Forthcoming research by Ravideep Sethi illustrates how democracies can structure treaty negotiations, how groups of plaintiffs can bargain with defendants, and how shareholders might haggle with corporate raiders.

Two countries bargain with each other over a new treaty. Any resulting deal must go through a ratification process within each nation. How should the nations bargain? What ratification rules make sense?

This question is fundamental to the design of national institutions. The United States Constitition, for example, requires the Senate to ratify any treaty by a 2/3 supermajority. Further, the Senate has in practice delegated much of the final negotiation of treaties to the Senate Foreign Relations Committee. Do these two practices — supermajority requirements and delegation — lead to better negotiated outcomes?
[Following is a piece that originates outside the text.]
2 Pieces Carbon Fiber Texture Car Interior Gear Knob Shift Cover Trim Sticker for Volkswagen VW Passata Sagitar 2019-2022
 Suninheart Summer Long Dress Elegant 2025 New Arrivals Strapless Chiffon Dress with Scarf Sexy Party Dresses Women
Using the mathematical tools of noncooperative game theory, Professor Ravideep Sethi and co-author WonSeok Yoo examine these questions. Their paper, which is now forthcoming in the journal Games and Economic Behavior, shows that while supermajority rules can help a nation strike a good deal, delegation is not a smart negotiating tactic.

“Our key insight is that institutional structures can impact how intensely group members compete against each other to extract the gains from a deal. The winners and losers can be played against each other,” Sethi said. “This fact then feeds back to influence the deals that are proposed by each side in the negotiation.”

Sethi explained that a treaty under consideration in the US Senate might be good for Utah, but bad for Idaho. If only a simple majority of Senators is needed for passage, then the other party to the treaty — Canada, for example — can exploit this by proposing a deal that is good for just 26 of the 50 States. If, in contrast, a 2/3 supermajority of Senators is required, then Canada must propose a deal that will attract yes votes from 34 States. The US supermajority rule limits Canada’s ability to play the States off against each other, and increases the overall value captured by the US in the negotiation.

Delegation can also feed into the Sethi-Yoo winners-and-losers effect, but in an opposite way. “When negotiations are delegated to a chosen subgroup, the group members who are not in the subgroup realize they will be unable to craft a deal that benefits them,” Sethi explained. “This means they are more willing to accept a not-so-great deal, which weakens the group’s overall ability to bargain effectively.”

As an concrete example of these effects, Sethi and Yoo highlight the 1944 US/Mexico Water Treaty, in which the two nations reached an agreement on how water in the Rio Grande and Colorado Rivers would be allocated. Interestingly, this deal created stark winners and losers among the US States. In exchange for a larger share of Rio Grande water (which was usable only by Texas), the US agreed to give Mexico a larger alottment of Colorado River water (which would have been used mostly by California).

The elements of delegation and supermajority were both present in this setting. Important elements of the negotiation were delegated to the Senate Foreign Relations Committee, chaired at the time by Tom Connally of — you guessed it — Texas. While this delegation may have allowed Mexico to make proposals benefitting Texas but against California’s interests, this effect was somewhat curtailed by the Senate’s requirement of a 2/3 majority to approve the treaty. Any agreement would require the approval of 64 of the 96 (at the time) Senators, thus limiting Mexico’s ability to pit the states against each other in ratification.

Sethi emphasized that international treaty negotiations are not the only application of his analysis. “Bargaining on a behalf of a group is common in business settings as well,” he said. “Labor unions negotiate with employers, but the gains from any union contract might be spread unevenly across union members. And this means the delegation and supermajority choices made by the unions could have a big effect on outcomes.”

Ravideep Sethi and WonSeok Yoo, 2024, “Group Bargaining: A Model of International Treaty Ratification,” Games and Economic Behavior, forthcoming.